I’ve been to Quebec many times, and enjoyed it. It’s a unique place. Lighten up, not everybody can be or should be the same from coast to coast. It would be a pretty but boring country. We already get accused of being “boring Canadians” enough as it is.

It’s the price of diversity, sometimes your tax dollars flow to cultures you may not be too happy with. But it is just the way it is here in Canada. Why be bitter about it.

#130 Bill-Muskoka (NAM) on 02.26.09 at 4:51 pm

Wal-Mart closing Ontario Sam’s Club stores

This makes good sense as the newer Super Centre stores pretty much duplicate the Sam’s Clubs, and club memberships are not enticing to most.

#131 jrochest on 02.26.09 at 4:52 pm

Shopping in Sask — I second Bookrat’s suggestion that you check out Norm Fisher’s blog, Saskatoon Real Estate Resource Centre. He has great info, and the comments thread is excellent. Several of us here are regulars there.

Saskatoon has an inventory of 1200 units right now, and normal inventory for February is less than half that — between 300 and 500.

#132 go green on 02.26.09 at 4:53 pm

#9 KJ on 02.25.09 at 9:35 pm

I was out at a couple of malls yesterday. Wow, easy to find a spot a metre or 2 from the door. Went to Kent to buy some bath faucets, etc. Couldn’t believe the fab service I rec’d. Spent at least an hour with one sales guy – retired, who knew all about plumbing, electrical, etc. Last summer it was difficult to get the attention of a clerk. Noticed even calls to some of the big box stores are being responded to more quickly. Times have really changed.

#133 Bill-Muskoka (NAM) on 02.26.09 at 4:54 pm

RBC, National, CIBC shareholders get say on pay

All Canada’s big banks are facing say on pay motions put forward from shareholders. The banks opposed the motions but the tide of investor anger over multi-million-dollar pay cheques during the current downturn appears to be overwhelming.
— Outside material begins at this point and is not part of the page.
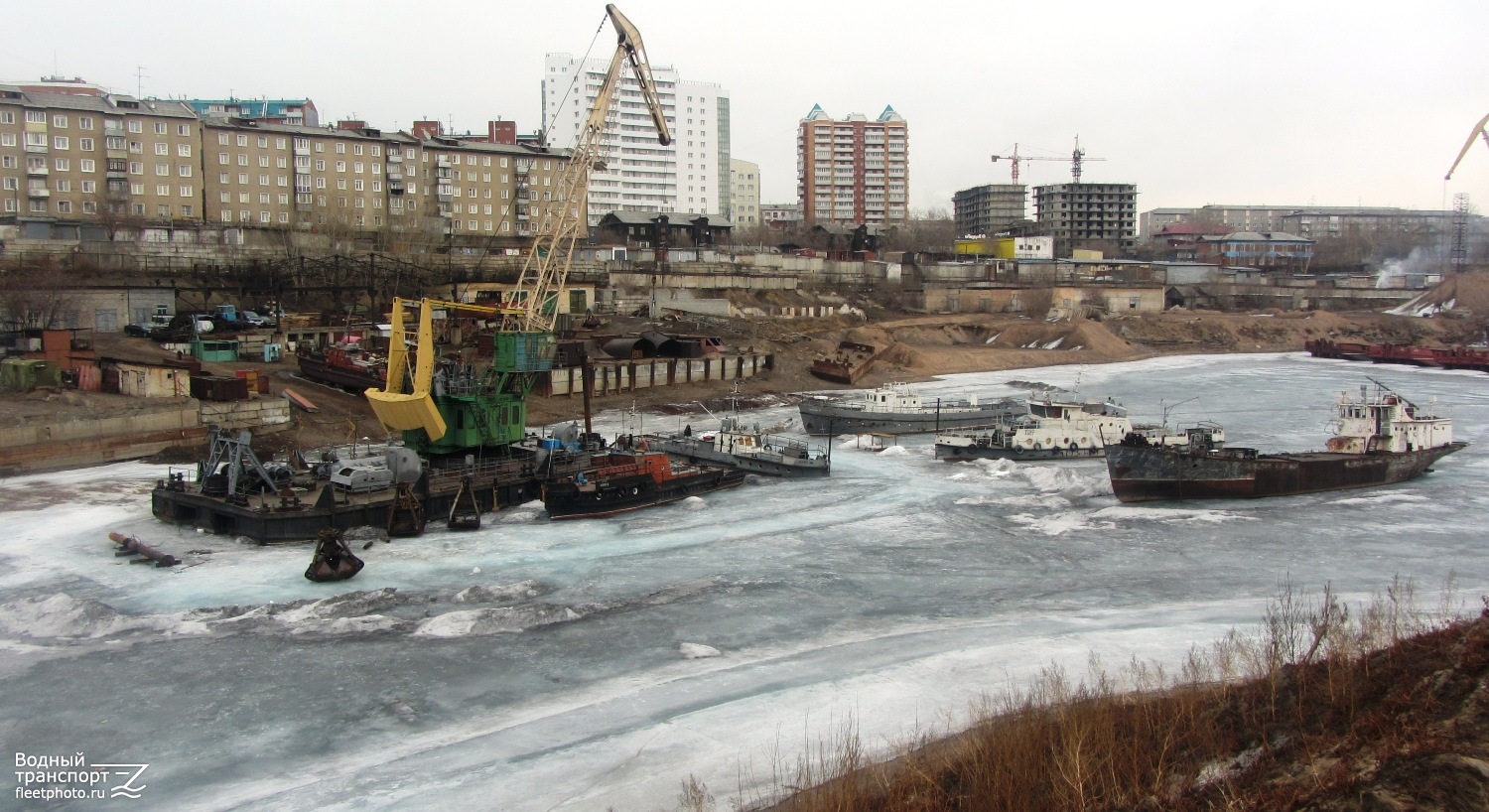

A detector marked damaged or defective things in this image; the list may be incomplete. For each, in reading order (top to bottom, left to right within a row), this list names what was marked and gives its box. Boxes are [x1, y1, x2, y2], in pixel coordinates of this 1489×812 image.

Well, it is about time!!!!

#134 john on 02.26.09 at 5:01 pm

We have been forecasting near depression like levels for quite a while on this blog (myself included) but here are some points to remember:

TSX on October 31, 2008 was apx. 10000
TSX on February 26, 2009 is apx. 8200
(not a huge drop off and certainly less than I expected)

Home Sales have tapered off in some areas but again less than expected. As I previously noted you can argue there has been at a minimum no change in the Woodbridge area.

Having a large circle of friends, not a single person has experienced job loss to date.

Rates on Lines of Credit have dropped resulting in more personal monthly cashflow

Gas prices have dropped considerably resulting in a significant increase in personal monthly cashflow (in my case apx. $300 more in my pocket each month)

Not seeing it to date…I know…it’s early…but having some doubts.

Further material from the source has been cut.